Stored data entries
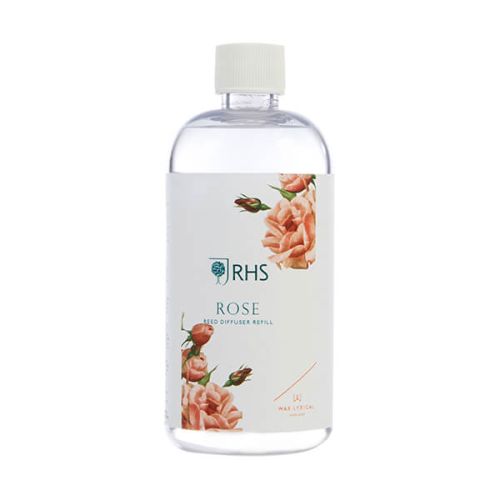 Wax Lyrical RHS Fragrant Garden Rose Reed Diffuser Refill 200ml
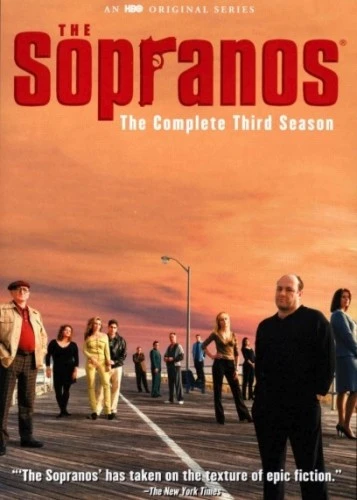 DVD Cover (HBO Studios)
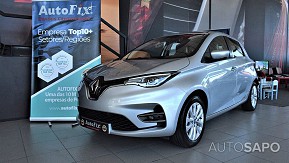 Renault ZOE Intens 50 de 2020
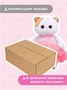 Мягкая игрушка Кошечка Лили 24 см Подарок девочке 143743525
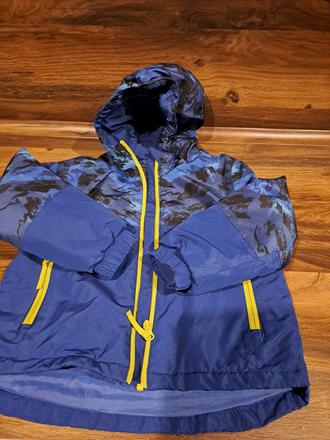 Bunda nepremokava, lupilu,116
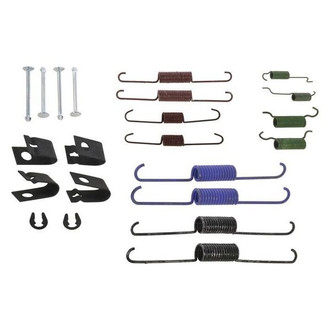 iD Select® - Rear Drum Brake Hardware Kit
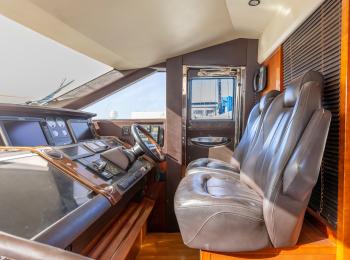 Princess - 72 Motor Yacht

- [What to do]
Each entry must be reproduced word for word, and any image among them left out.

- [Answer section]
 Wax Lyrical RHS Fragrant Garden Rose Reed Diffuser Refill 200ml
 DVD Cover (HBO Studios)
 Renault ZOE Intens 50 de 2020
 Мягкая игрушка Кошечка Лили 24 см Подарок девочке 143743525
 Bunda nepremokava, lupilu,116
 iD Select® - Rear Drum Brake Hardware Kit
 Princess - 72 Motor Yacht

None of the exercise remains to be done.